Over the decades the black dress evolved, with Coco Chanel’s reinvention allowing the dress associated with the youthful shopgirls to be worn by more mature women. They adopted their style and reputation, particularly their youthfulness and femininity, that was a product of their age and interests. With the girls being unmarried, fashionable and self-sufficient, Coco Chanel saw in the black dress a potential for pauvreté de luxe or “luxurious poverty.”
“Some people think luxury is the opposite of poverty. It is not. It is the opposite of vulgarity” writes Chanel. Rather than defining luxury through distasteful pompousness, for the fashion pioneer luxury lies within the poverty of accessory and the wealth of taste and fashionable sensitivity. This is what the Little Black Dress embodies: a feeling of taste, a chic silhouette and an image of confidence in those who decide to wear it.
Black in fashion has naturally evolved from being limited to the chic little black dress. Skipping over decades of fashion history, we turn our awareness towards goth culture, which has merged the colour with intricate accessories as a defining feature. Simultaneously, the colour has become prominent in the scene of Japanese designers such as Yohji Yamamoto. Here black is the foundation to the artistic designs, who use texture, mass and form to explore the potential of the colour. Yamamoto in particular experiments with the shape of the clothing that is filled with darkness, and which drastically plays with the silhouette of the person wearing it; or as Tolstoy writes in Anna Karenina “the black dress with luxurious lace was not seen on her; it was just a frame, and only was she seen.” The visual allure of black clothing seems to be associated with its aesthetic integration: the entire composition is wrapped in the black mask, creating a sleek, coordinated and harmonious appearance.

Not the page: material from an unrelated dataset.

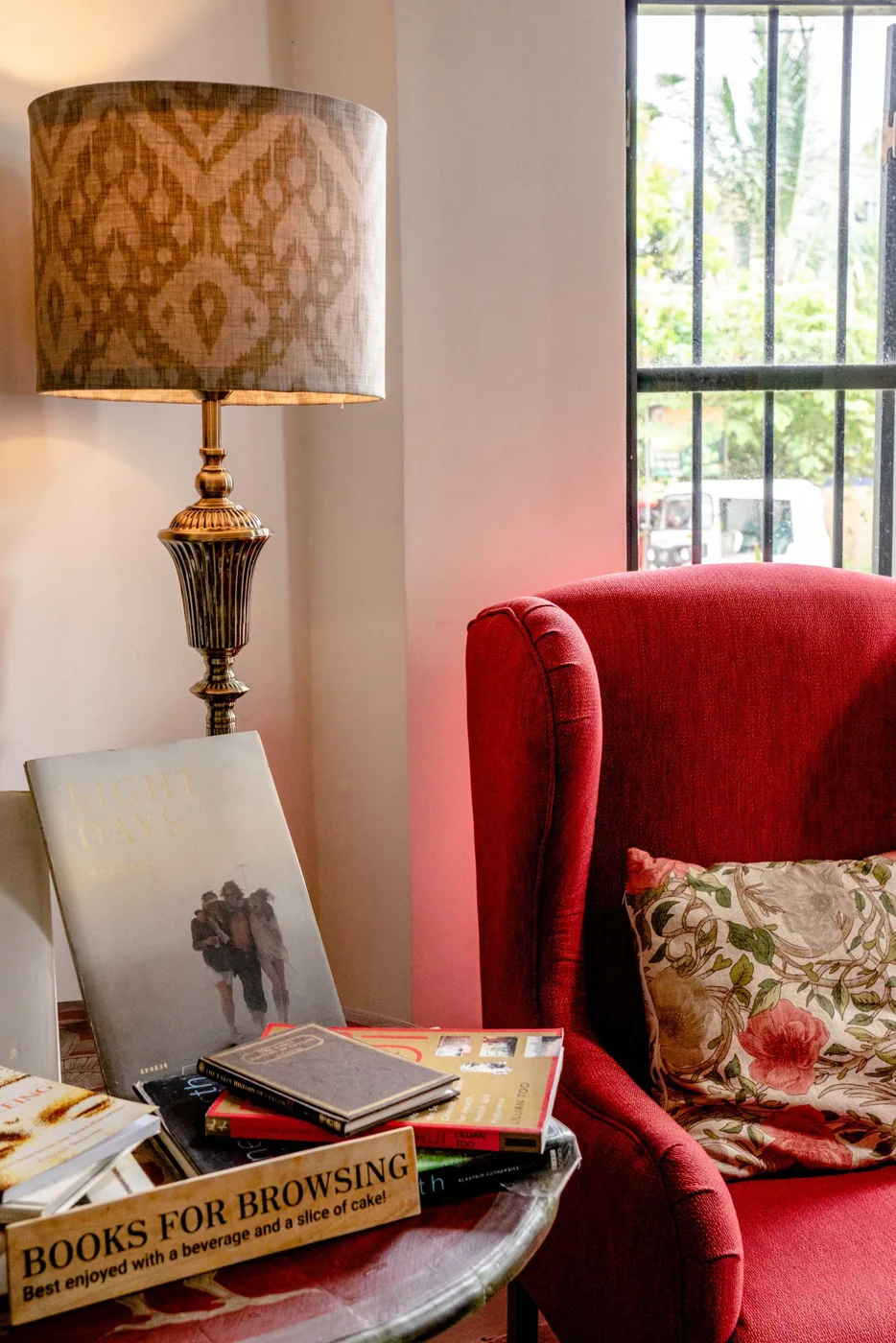 A red chair beside a lamp and a framed picture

Black is a colour that can provide modesty and provocation. Whilst a black turtleneck with jeans becomes a stylish gender-neutral look, a black silk dress is seductive both in the bedroom and at a party. Meanwhile, a black summer dress feels oddly depressing, whilst a black wedding dress is outright absurd. Hence, what is significant about black is precisely the fact that it is not just one style, one mood, one aesthetic or even just one colour. With an upper class reinterpreting the fashion of the lower class, one age group imitating another, we see that what is most significant about the colour is that it is natural for everyone.
I have only barely touched the surface of a deep history of the colour black in fashion. Yet, what quickly becomes apparent is that being the new black is not being ‘the next new thing’. Being the new black means being a new vessel for creativity, being a new form of artistic malleability, being the new unifying colour, which satisfies every aspect of what fashion is to us today and what it stood for in the past.